Its construction is often attributed to Robert, Count of Mortain, who held Bossiney in 1086, but there is currently a lack of archaeological or documentary evidence to support this. It appears to have fallen out of use in the late 13th century when nearby Tintagel Castle was built.

By the 16th century it was named Bossiney Mound, and was the site of the reading of local election results for members of Parliament. It was from the mound, in 1584, that Francis Drake was elected to Parliament for the Borough of Bossiney. This activity ceased in 1832 following the Reform Act, when the borough was abolished.

== Myths ==
Local Cornish tradition links Bossiney Castle with King Arthur.

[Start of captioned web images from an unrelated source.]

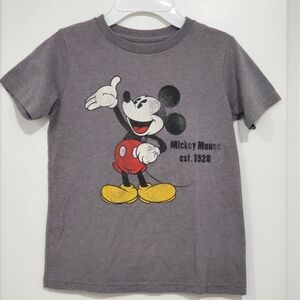 Disney Mickey Mouse Charcoal T-Shirt Size S (5/6)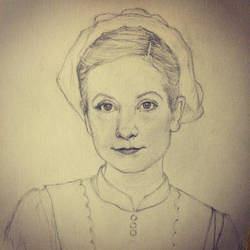Anna - Downton Abbey - Sketch for oilpainting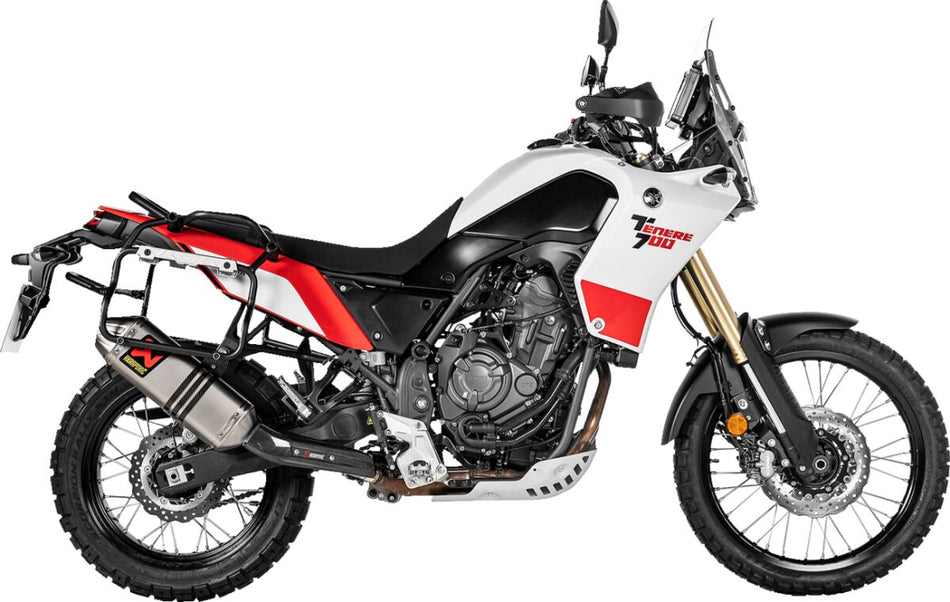 Akrapovic Slip-On Line uitlaatdemper zilver - Yamaha TENERE 700 (2019-2020)
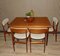 Mid-Century Teak Extendable Dining Table with Tapered Legs, 1960s, Image 12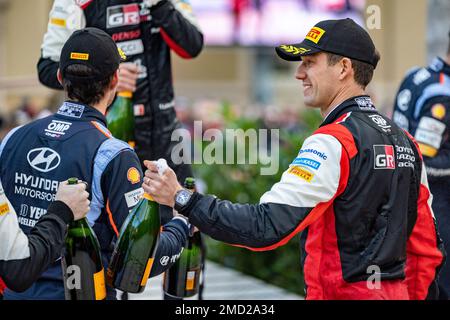 OGIER Sébastien (fra), TOYOTA GR Yaris Rally1 Hybrid, ritratto durante la Rallye Automobile Monte Carlo 2023, 1st° round del WRC World Rally Car Championship 2023, dal 19 al 22 gennaio 2023 a Monte Carlo, Monaco - Foto Nikos Katikis / DPPI Foto Stock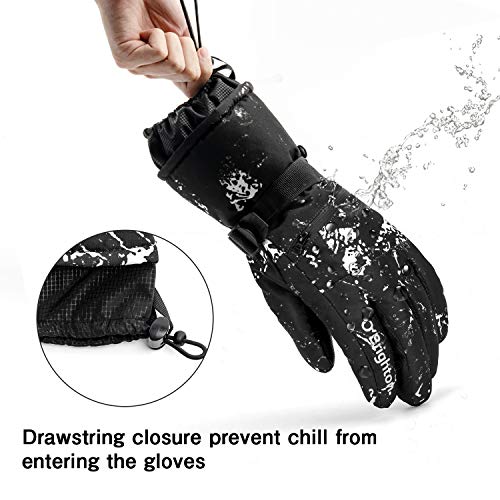 Guantes de esquí Impermeables de Invierno cálidos Guantes de Snowboard fríos Guantes de Pantalla táctil para Deportes al Aire Libre Hombres Mujeres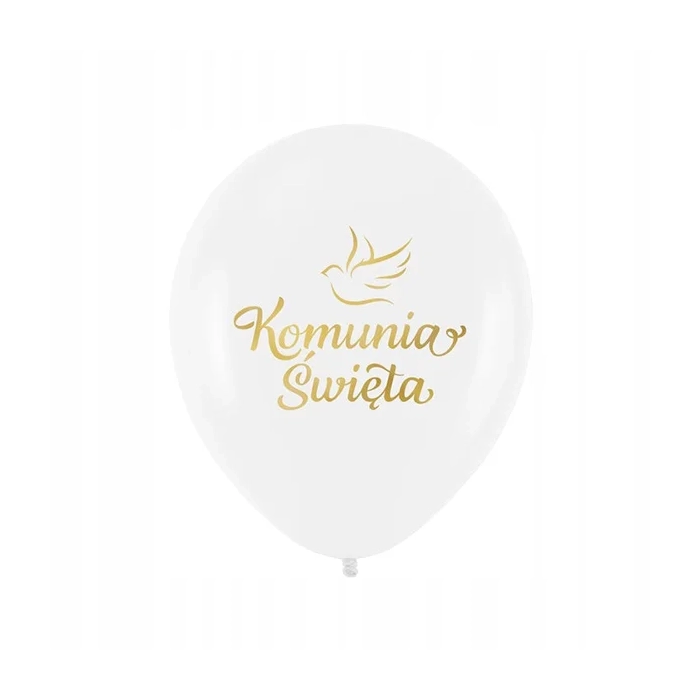 BALONY KOMUNIA ŚWIĘTA ZESTAW DEKORACJI BANER KURTYNA BALONY KOMUNIJNE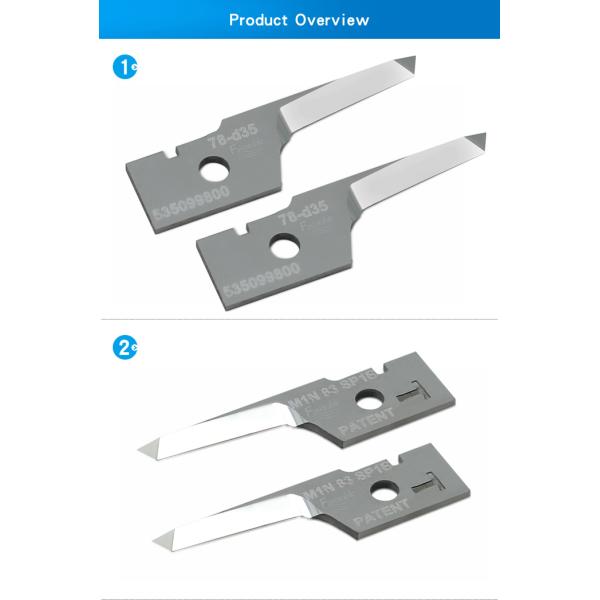 Teseo 535099800 Cutting Knives M1N 83 SP1B 75 º 78-D35 For Leather Cutting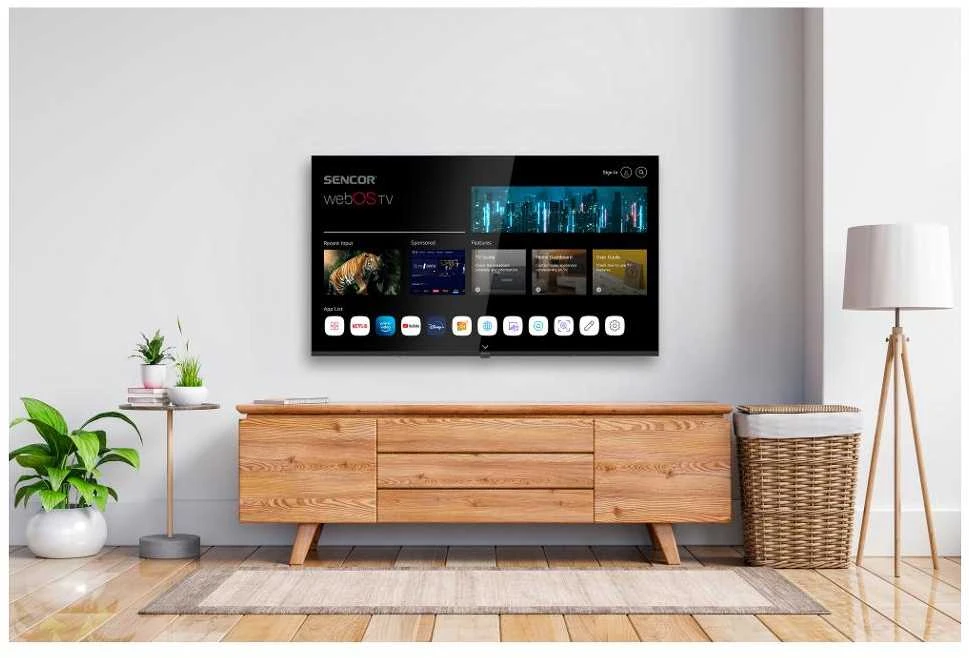 Televizorius Sencor 50US802TCSB LED 50'' 4K Ultra HD WebOS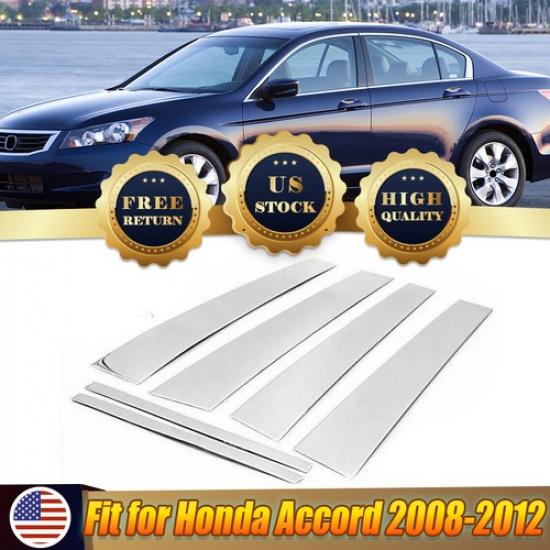 Стойка кузова для Honda Accord 2008~2012, накладка на оконную стойку двери, полоски-панели 6 шт.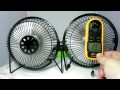 average wind speed competitor 4 blades vs. our 3 blades usb fan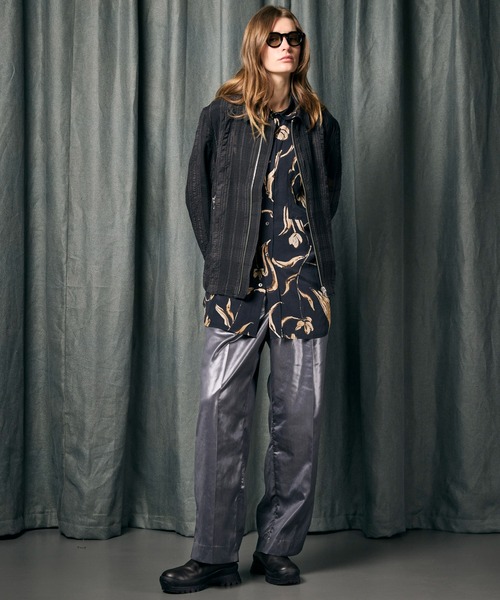 25s/s MAISON SPECIAL 総柄 しわ加工 半袖 シャツ メンズ MAISON SPECIAL 「MAISON SPECIAL」 半袖シャツ 1 マスタード
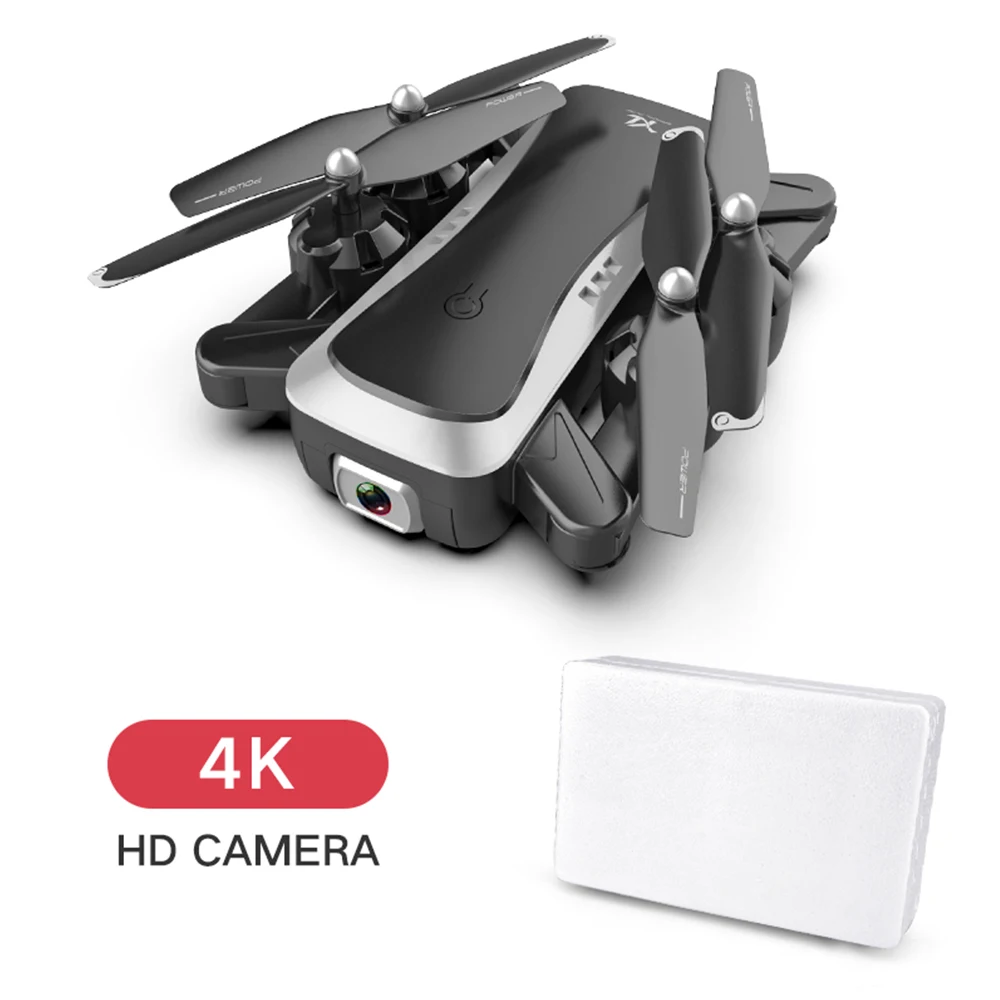 Красный Радиоуправляемый квадрокоптер S36 Дрон 4K HD ESC широкоугольная двойная камера wifi FPV складной оптический поток селфи дроны Профессиональный следи за мной - Цвет: Красный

Sabine Baring-Gould mentioned that Arthur's golden round table was buried beneath the mound, to surface again each Midsummers Eve, when lights will be seen in the sky. Another mentioned in Castles4kids.info, is that King Arthur and his knights are asleep under the mound, waiting to rise in England's time of need, though this may be a later addition to the legend, as no mention was made of this by Baring-Gould. It reflects similar European 'King under the Mountain' legends.

== The castle today ==
This monument is scheduled under the Ancient Monuments and Archaeological Areas Act 1979 as amended, by the Secretary of State for Culture, Media and Sport. It is listed under entry number 1006708, and was initially scheduled on 26 November 1928.